Je ne l’ai pas pris au sérieux, au moins pendant un temps, dans le sens où je n’ai pas vraiment bossé davantage dans cette perspective (en gros mon objectif était d’éviter le redoublement et d’avoir du temps à moi).

Arrivent les résultats du bac, que j’obtiens sans passer l’oral, mais avec seulement deux points au-dessus de la moyenne (grâce à huit points gagnés avec l’option sport). Il faut souligner que je n’ai pas obtenu des notes moyennes dans toutes les matières, j’ai fait le grand écart entre de mauvaises et de bonnes notes, notamment en sciences éco.

Parcousup n’existait pas encore, il fallait s’inscrire directement en BTS ou à la fac si on n’avait pas passé et réussi des concours d’entrée ou n'étions pas éligibles à des classes préparatoires. Mais une bonne étoile qui avait commencé à pointer son nez quelques années auparavant est réapparue. Je ne sais plus comment j’ai entendu parler d’Ipesup (une pub probablement), mais la remarque de mon prof de français m’est revenue à l’esprit. J’avais de plus été sensible au fait qu’il fallait passer un test d’aptitude assez sérieux pour être pris. Je n'y croyais qu’à moitié, mais je l’ai pris au sérieux, et ils m’ont sélectionné. Avant de faire un fast forward, j’en profite pour remercier mes parents, car Ipesup donnait une formation de qualité, mais couteuse. Je me rappelle encore mon père en train de remplir une dizaine de chèques pour couvrir les frais de scolarité…

Arrivent les résultats du concours de Science Po affichés en face de l’entrée rue St Guillaume (haha, un autre signe ?). Nous étions plusieurs passés par Ipesup à nous bousculer pour constater si nos noms étaient affichés. Le mien y était, mais pas celui d’une fille qui était avec nous. Je me rappelle encore sa réflexion spontanée à cet instant « Je ne le crois pas, toi tu l’as eu, mais pas moi ». Quand je raconte cette anecdote, on me dit qu’elle était vraiment nulle cette remarque. Sans doute, mais moi j’y vois autre chose. There is more than meet the eyes. C’est autant vrai pour soi-même que pour les autres, il ne faut jamais l’oublier.

Pour finir cet épisode, et retrouver Carrie-Ann, il se trouve que je suis retourné une seule une fois à Tarbes, quand j’étais en année préparatoire à Sciences Po. Et devinez qui je croise dans la rue en plein centre-ville complètement par hasard, mon prof de français de Seconde. Et là, non seulement il me reconnait, mais en plus il me dit « Bonjour Monsieur Burtschell, comment allez-vous ? ». Je me suis senti très honteux sur le moment, car je ne me rappelais plus son nom, seulement de lui et de l’impact qu’il a eu sur ma vie. En revanche, je n’ai pas manqué de lui dire ce que je faisais, et de lui rendre hommage. Son sourire m’a laissé penser qu’il avait ressenti le sentiment du devoir accompli.

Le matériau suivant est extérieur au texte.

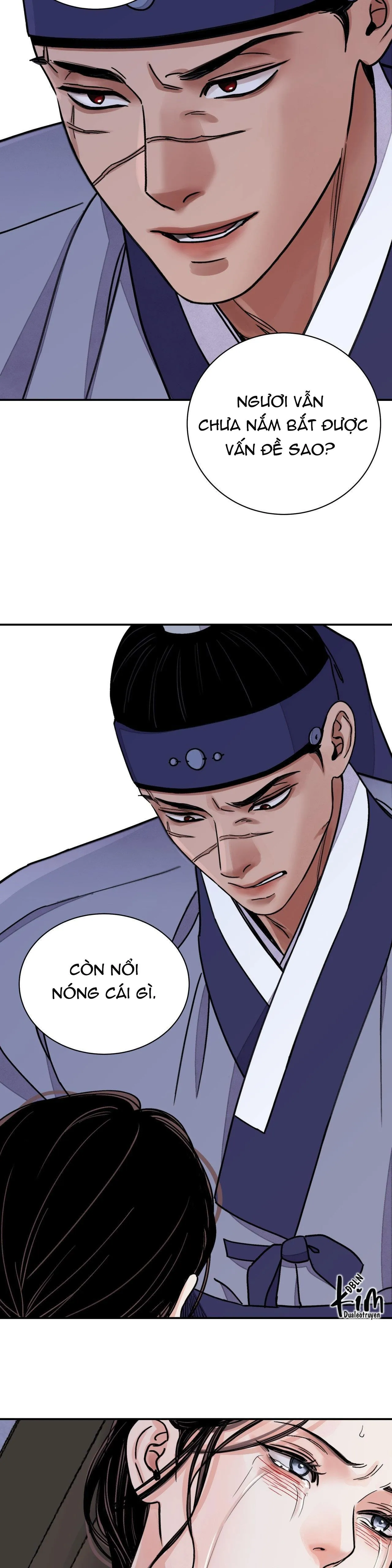 KIẾM HOA Chapter 55 Trang 24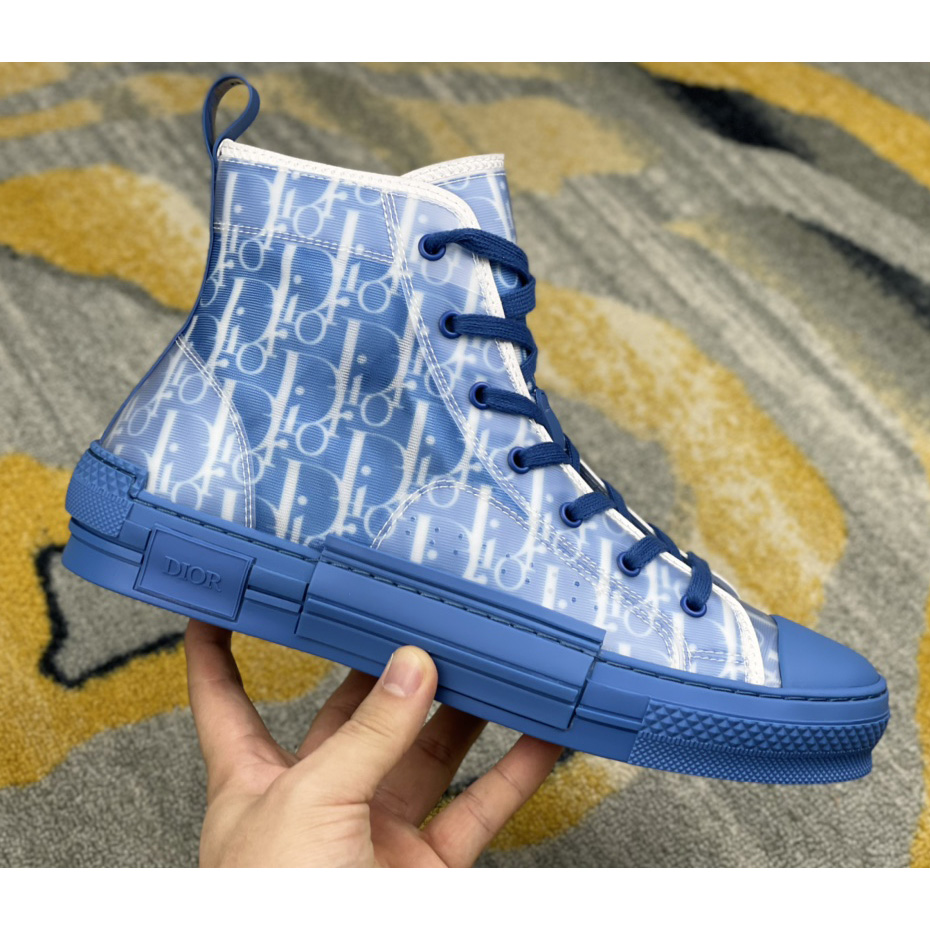 Dior B23 High-Top Sneaker - DesignerGu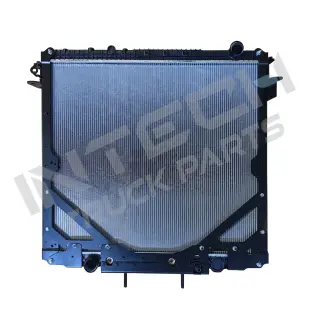 Radiator - 12-19 Freightliner 114SD, WESTERN STAR 4700, 115018 with frame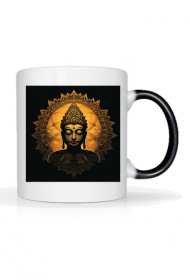 BuddaCup - White&Black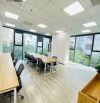 Văn Phòng Cho Thuê – Setup Hoàn Chỉnh, Giá Được Ưu Đãi Nhất Năm
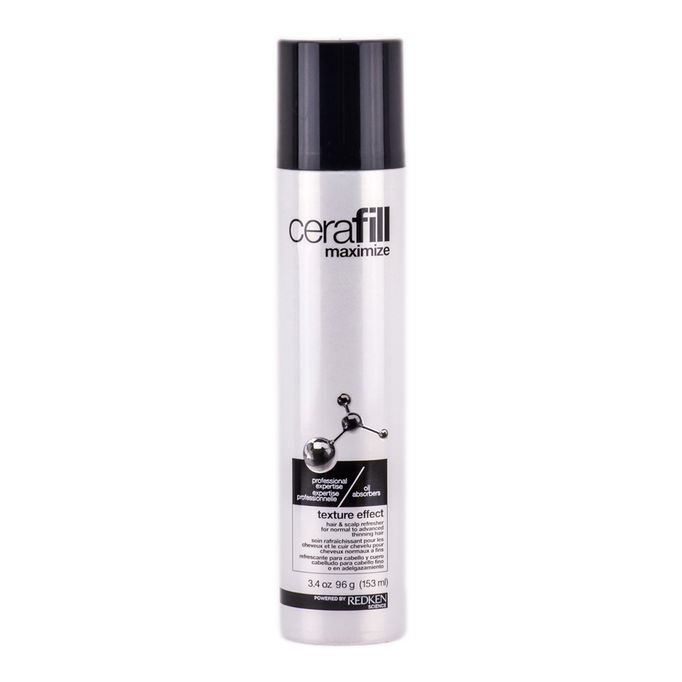 Redken Cerafill Maximize Texture Effect Hair & Scalp Refresher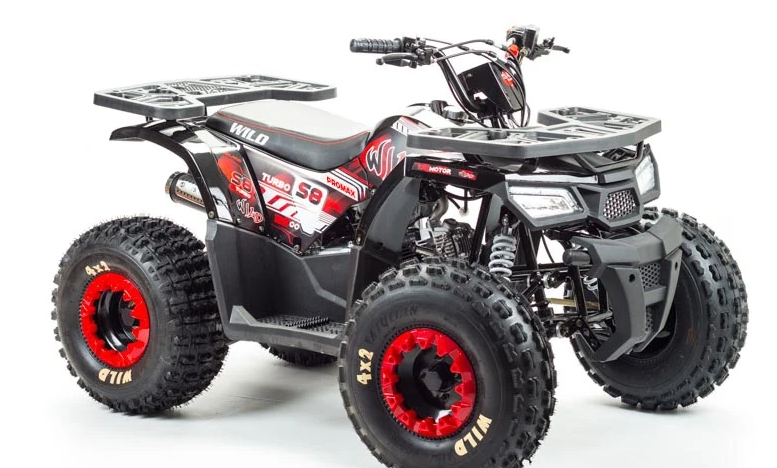 Квадроцикл PROMAX WILD 175 в Оренбурге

Après nos parents, c’est à nos professeurs que nous devons le plus, j’y fais donc référence dans le livre plus ou moins directement.

Le deuxième lien entre une destinée réelle et une fictive intervient plus tard, dans le cadre professionnel, avec plusieurs interrogations en arrière-plan, celle des choix « de carrière », de l’employabilité et des compromis que l’on peut être amené à faire (ou pas).

Je vais plutôt parler de mon personnage principal sur ces sujets afin de garder une certaine distance, tout en assumant des partis-pris scénaristiques.

Le premier concernant Carrie-Ann est de ne pas avoir créé une dynamique personnelle autour de l’idée d’une revanche à prendre sur le destin. Au contraire, elle a tous les atouts pour réussir, en apparence du moins. Même si ce n’est pas central, ce ne veut pas dire que tout lui est acquis pour autant et que les plafonds de verre sont inexistants.

Le deuxième est d'avoir choisi une spécialité assez périphérique pour mon héroïne, la psychologie, comme moteur de son développement personnel et professionnel. Il n’est effectivement pas évident de percer dans une carrière quand on choisit de faire ce que l’on aime, et de sortir des sentiers battus. Et pourtant, n’est-ce pas alors que l’on donne de meilleur de soi-même ?

J’ai ainsi souhaité mettre le facteur humain au centre du drame qui se joue, sous nos yeux parfois, et dans les livres souvent. Il est toujours le facteur de succès ou d’échec, et son importance est généralement sous-estimée. J’aurais l’occasion de revenir là-dessus dans d’autres posts (notamment l’homéostasie du risque).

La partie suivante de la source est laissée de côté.